*About this exercise*
Tally the lines below that contain "from" and reply with only the tally.

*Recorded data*

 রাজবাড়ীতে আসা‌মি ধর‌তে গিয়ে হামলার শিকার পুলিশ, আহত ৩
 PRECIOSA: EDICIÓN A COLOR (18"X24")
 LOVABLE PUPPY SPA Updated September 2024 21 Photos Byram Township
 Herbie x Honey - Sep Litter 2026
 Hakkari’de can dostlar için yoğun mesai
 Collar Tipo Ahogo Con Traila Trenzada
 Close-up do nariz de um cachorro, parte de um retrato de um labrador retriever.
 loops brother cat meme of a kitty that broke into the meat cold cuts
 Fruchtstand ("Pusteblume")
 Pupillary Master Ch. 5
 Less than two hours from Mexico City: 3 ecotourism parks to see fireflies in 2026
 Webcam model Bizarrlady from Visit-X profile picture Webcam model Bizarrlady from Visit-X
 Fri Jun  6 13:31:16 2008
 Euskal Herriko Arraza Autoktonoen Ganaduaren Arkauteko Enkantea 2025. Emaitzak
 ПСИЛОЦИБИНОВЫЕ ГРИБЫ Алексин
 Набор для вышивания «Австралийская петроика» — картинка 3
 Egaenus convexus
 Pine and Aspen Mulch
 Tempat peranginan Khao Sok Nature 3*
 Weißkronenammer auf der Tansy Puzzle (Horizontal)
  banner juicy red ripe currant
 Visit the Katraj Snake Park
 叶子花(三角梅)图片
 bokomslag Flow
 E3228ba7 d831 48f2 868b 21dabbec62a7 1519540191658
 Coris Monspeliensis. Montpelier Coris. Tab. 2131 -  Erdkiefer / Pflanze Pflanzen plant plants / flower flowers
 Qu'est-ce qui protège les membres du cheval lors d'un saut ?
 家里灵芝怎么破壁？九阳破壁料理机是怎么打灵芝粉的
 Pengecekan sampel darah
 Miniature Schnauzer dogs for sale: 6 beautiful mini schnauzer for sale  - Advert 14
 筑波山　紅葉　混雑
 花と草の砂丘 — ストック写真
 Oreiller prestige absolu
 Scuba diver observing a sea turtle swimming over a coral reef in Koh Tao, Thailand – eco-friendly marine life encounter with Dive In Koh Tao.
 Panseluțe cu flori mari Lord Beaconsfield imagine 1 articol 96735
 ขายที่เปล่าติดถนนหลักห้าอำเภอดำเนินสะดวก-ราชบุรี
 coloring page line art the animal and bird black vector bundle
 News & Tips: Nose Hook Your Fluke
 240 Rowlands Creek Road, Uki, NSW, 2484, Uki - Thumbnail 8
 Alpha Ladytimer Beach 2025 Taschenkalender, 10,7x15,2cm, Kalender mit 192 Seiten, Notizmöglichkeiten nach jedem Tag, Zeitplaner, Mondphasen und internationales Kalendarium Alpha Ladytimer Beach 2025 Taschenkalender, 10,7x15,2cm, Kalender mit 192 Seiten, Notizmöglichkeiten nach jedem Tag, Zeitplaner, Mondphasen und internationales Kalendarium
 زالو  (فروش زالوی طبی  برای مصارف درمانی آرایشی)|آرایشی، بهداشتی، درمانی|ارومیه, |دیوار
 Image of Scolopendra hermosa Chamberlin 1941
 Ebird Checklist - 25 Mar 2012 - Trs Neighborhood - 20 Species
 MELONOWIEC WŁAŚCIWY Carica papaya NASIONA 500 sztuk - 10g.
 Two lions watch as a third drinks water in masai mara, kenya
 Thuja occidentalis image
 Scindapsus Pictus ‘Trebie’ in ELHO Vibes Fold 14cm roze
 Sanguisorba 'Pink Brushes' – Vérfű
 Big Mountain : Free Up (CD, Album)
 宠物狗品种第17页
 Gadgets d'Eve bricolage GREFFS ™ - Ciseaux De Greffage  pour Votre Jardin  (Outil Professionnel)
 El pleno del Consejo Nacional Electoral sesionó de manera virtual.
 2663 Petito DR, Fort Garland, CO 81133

*Answer for the task*
2